======== Material for this task
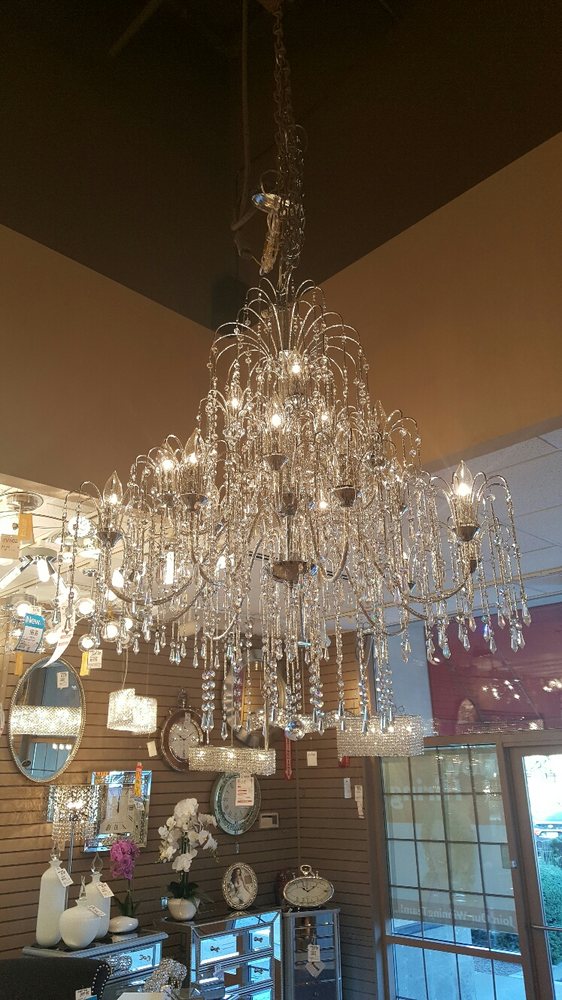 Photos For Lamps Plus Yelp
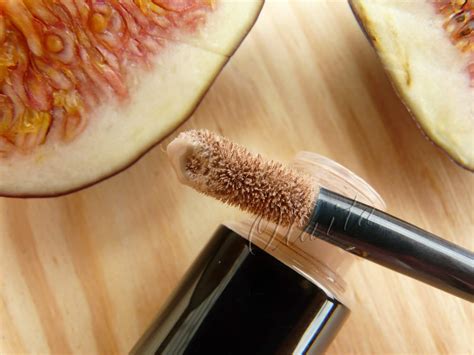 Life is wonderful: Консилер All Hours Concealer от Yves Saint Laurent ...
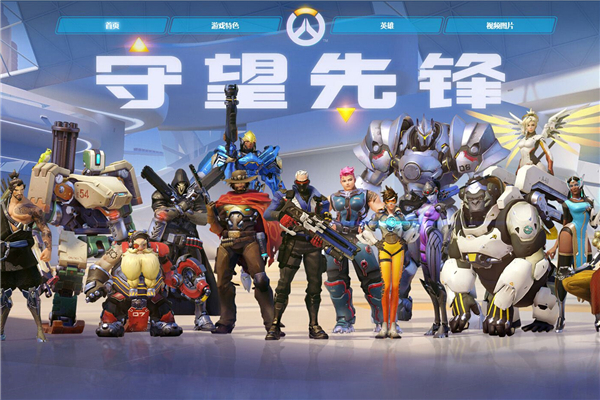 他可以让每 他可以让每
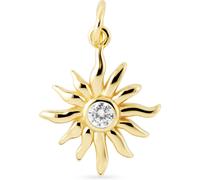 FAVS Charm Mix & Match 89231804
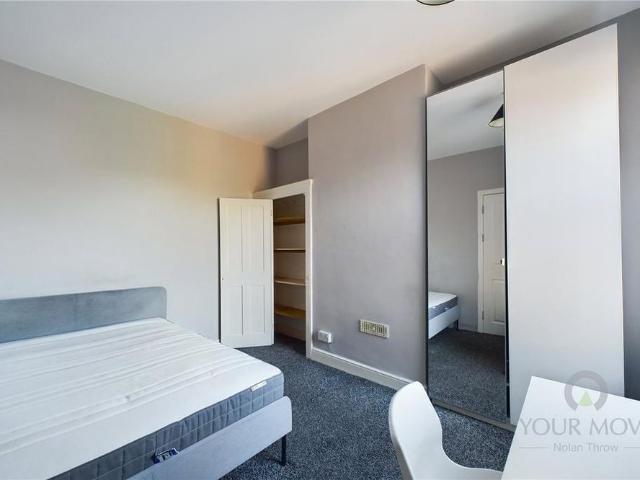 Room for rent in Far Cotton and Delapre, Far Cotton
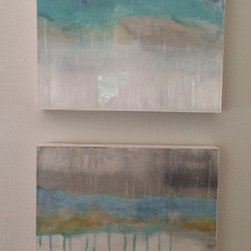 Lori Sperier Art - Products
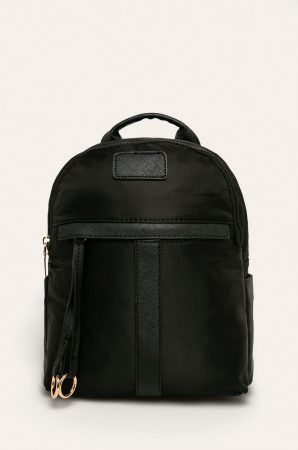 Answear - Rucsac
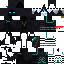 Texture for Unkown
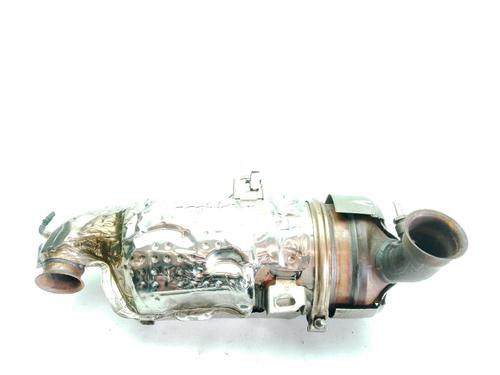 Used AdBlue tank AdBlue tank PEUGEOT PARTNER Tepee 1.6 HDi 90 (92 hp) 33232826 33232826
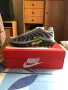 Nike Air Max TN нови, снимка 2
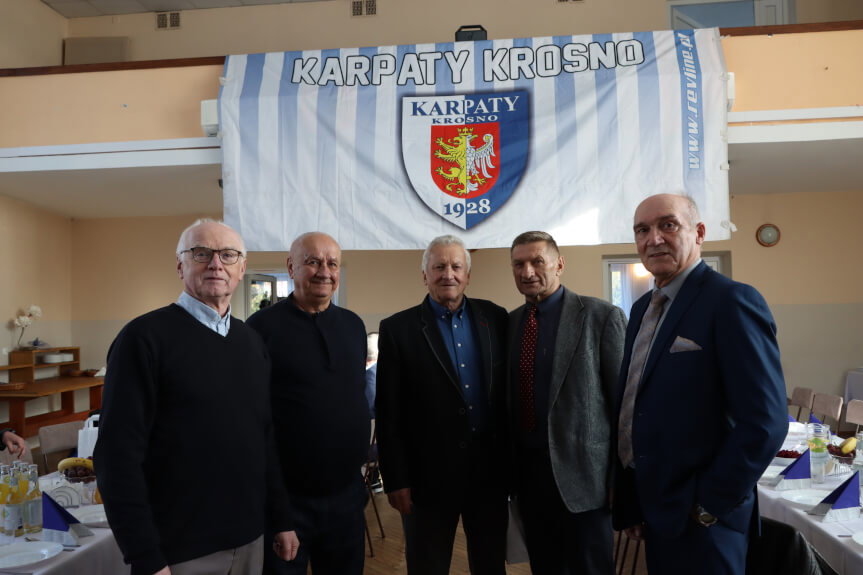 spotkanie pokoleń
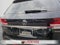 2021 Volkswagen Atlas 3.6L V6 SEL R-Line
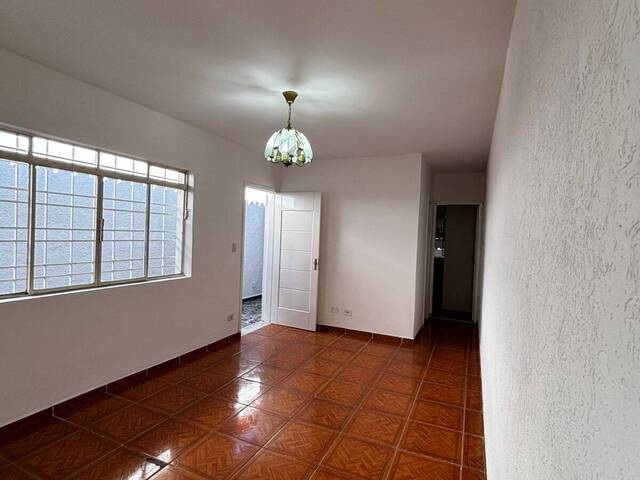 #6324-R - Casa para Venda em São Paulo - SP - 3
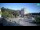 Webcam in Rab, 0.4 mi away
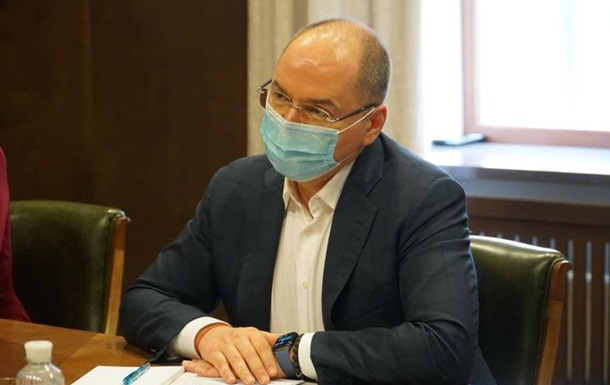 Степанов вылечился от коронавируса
================
All pictures are to be skipped. Output, word for word, the lines in the data above starting at the line containing "Room for rent" and ending at the line containing "Webcam in Rab, 0.4 mi away".

 Room for rent in Far Cotton and Delapre, Far Cotton
 Lori Sperier Art - Products
 Answear - Rucsac
 Texture for Unkown
 Used AdBlue tank AdBlue tank PEUGEOT PARTNER Tepee 1.6 HDi 90 (92 hp) 33232826 33232826
 Nike Air Max TN нови, снимка 2
 spotkanie pokoleń
 2021 Volkswagen Atlas 3.6L V6 SEL R-Line
 #6324-R - Casa para Venda em São Paulo - SP - 3
 Webcam in Rab, 0.4 mi away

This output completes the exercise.